To get to that in-street stop, one has to cross a temporary wooden bridge.

The curb lane of this portion of the 200 block of Church does not allow for vehicular traffic; this prohibition is also applicable to bicycles.

More than once, when I have been on the bridge, I have been brushed back by a bicyclist blithely blowing through the “accessible path of travel” that is this wooden bridge. 

I have seen other Muni passengers, including seniors, also dodge back or get brushed back by scofflaw bicyclists. Because there is a ramp up to and down from the temporary wooden bridge, MTA has granted bicyclists an implied “right-of-passage” across this temporary wooden bridge, even though the status of PWDS as a “legally-protected class”  means we should have priority over bicyclists.

Two different operators have told me they were trained not to pick up passengers on the high boarding platform at Church and Duboce, stranding people with disabilities.

The current low platform has an electronic information sign showing arrival projections for the 22; yet the 22 stops at the curb. While it may be unfeasible to stop this electronic sign, certainly MTA could put up a sign informing waiting passengers to go to the curb for the 22. 

MTA is ignoring safety for people in wheelchairs. I boarded a BREDA streetcar at the high boarding platform on Church and Duboce. The required flip-up small ledge was absent. This flip-up ledge was instituted by former MTA commission head H. Welton Flynn. 

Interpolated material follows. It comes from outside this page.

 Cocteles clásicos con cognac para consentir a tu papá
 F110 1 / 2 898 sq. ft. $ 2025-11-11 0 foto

He, unlike all MTA board members nowadays, did respond to public comment and complaints—in this case about wheelchairs getting stuck due to the wide gap between the inside steps and the edge of a high boarding platform. The gap is several inches wide—enough for the front guide wheels of a wheelchair to fall down into the gap.

This gap also allows people using walkers and crutches to slip their mobililty equipment into it and also fall down.

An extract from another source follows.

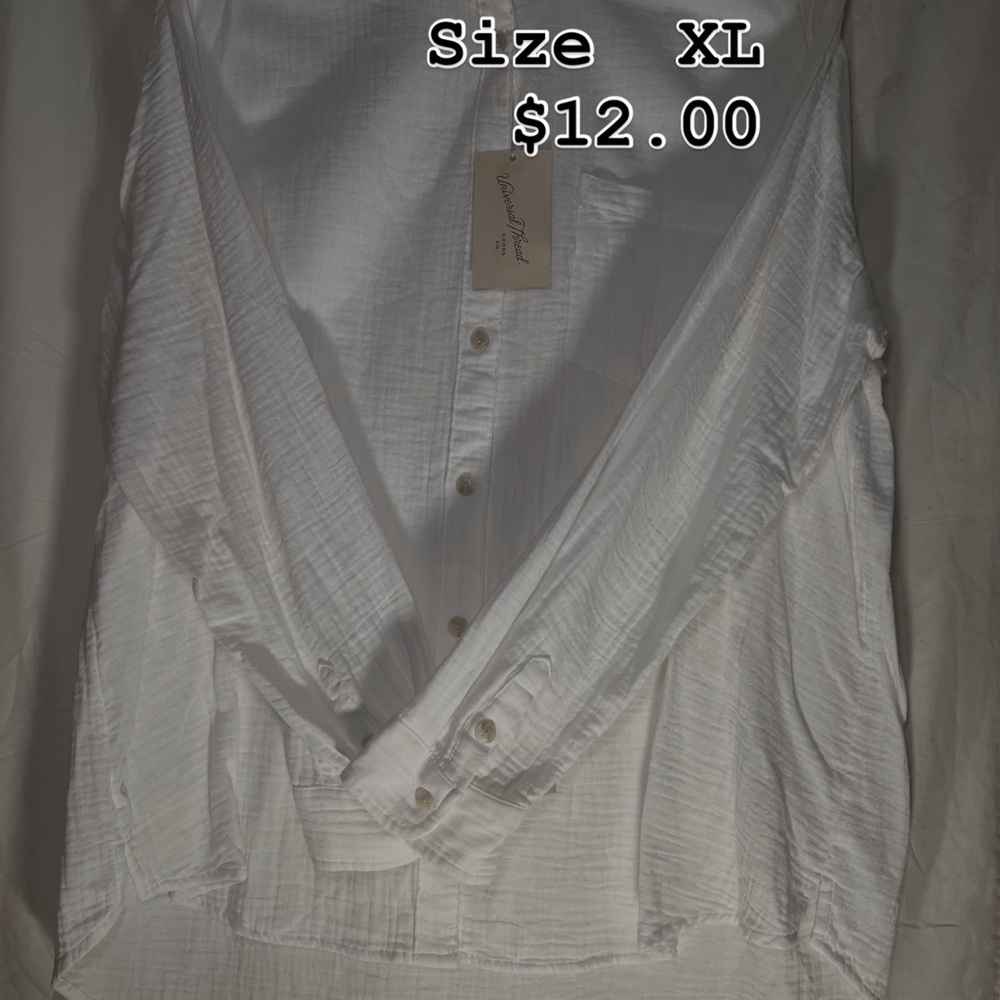 Universal Thread White Casual Button Down Shirt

There are other aspects of neglect shown by MTA in the draft restoration plan:

  • The 2 line is the only line that directly serves UCSF Mt. Zion 

from the western part of SF. The planned restoration of part of the western portion of the 2 line still prevents patients from the non-restored part of the line from directly getting to or from UCSF Mt. Zion.

  • The failure to restore the Pacific Heights portion of the 10 line means there is no direct, flat service one block proximate to the Sutter/CPMC Hospital complex.

The draft restoration plan STILL makes it difficult to get needed medical care at two major health-care complexes.

Both the mayor and the supes.need to take concerted action to restore  the J to underground service, and the 2 and the 10 to again bring patients to the medical institutions they previously served.

Bob Planthold has won awards from the SF Mayor’s Disability Council, Caltrain, CalTrans, the SF Paratransit Council, and shared in awards from the Metropolitan Transportation Commission for his advocacy on behalf of PWDS and seniors.